Instructions for the task:
Return exactly those lines of the material below that fall between the line holding "Apartment 8 Minutes" and the line holding "吾米提江谈小球迷落泪：我差点眼泪也掉下来，很开心起到榜样作用", inclusive.

Records shown START

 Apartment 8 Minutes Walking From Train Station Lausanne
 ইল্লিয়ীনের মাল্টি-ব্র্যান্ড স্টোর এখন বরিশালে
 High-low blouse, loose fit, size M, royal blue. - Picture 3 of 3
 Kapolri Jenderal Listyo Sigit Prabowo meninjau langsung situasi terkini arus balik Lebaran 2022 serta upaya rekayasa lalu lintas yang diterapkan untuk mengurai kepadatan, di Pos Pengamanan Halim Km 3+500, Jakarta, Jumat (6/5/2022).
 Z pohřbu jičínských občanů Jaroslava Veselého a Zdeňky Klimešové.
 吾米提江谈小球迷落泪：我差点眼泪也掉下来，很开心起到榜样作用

Records shown END
Records shown START

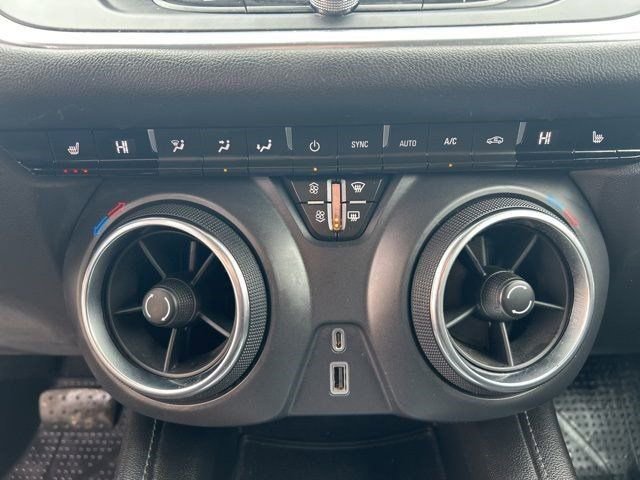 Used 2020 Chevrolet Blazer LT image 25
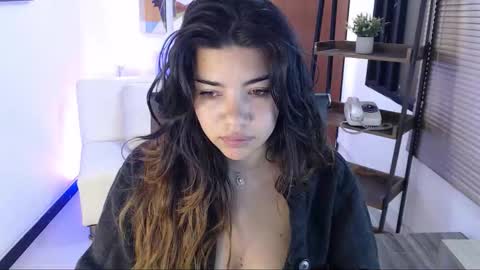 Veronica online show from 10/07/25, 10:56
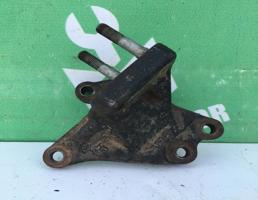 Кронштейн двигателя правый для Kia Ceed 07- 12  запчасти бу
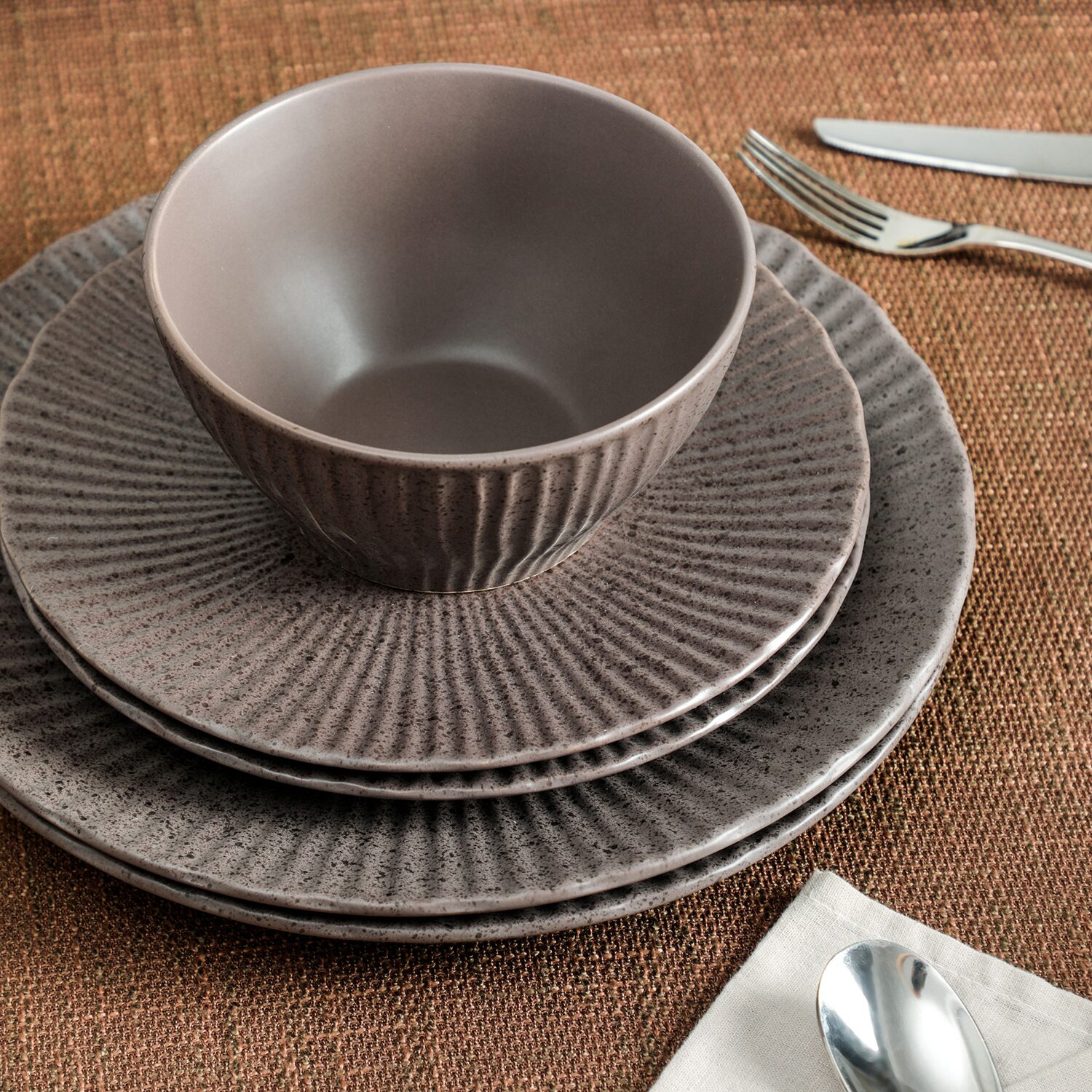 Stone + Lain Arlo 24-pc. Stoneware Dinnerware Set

Records shown END
Records shown START

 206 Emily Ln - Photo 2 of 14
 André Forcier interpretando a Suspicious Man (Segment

Records shown END

Expected answer:
 Apartment 8 Minutes Walking From Train Station Lausanne
 ইল্লিয়ীনের মাল্টি-ব্র্যান্ড স্টোর এখন বরিশালে
 High-low blouse, loose fit, size M, royal blue. - Picture 3 of 3
 Kapolri Jenderal Listyo Sigit Prabowo meninjau langsung situasi terkini arus balik Lebaran 2022 serta upaya rekayasa lalu lintas yang diterapkan untuk mengurai kepadatan, di Pos Pengamanan Halim Km 3+500, Jakarta, Jumat (6/5/2022).
 Z pohřbu jičínských občanů Jaroslava Veselého a Zdeňky Klimešové.
 吾米提江谈小球迷落泪：我差点眼泪也掉下来，很开心起到榜样作用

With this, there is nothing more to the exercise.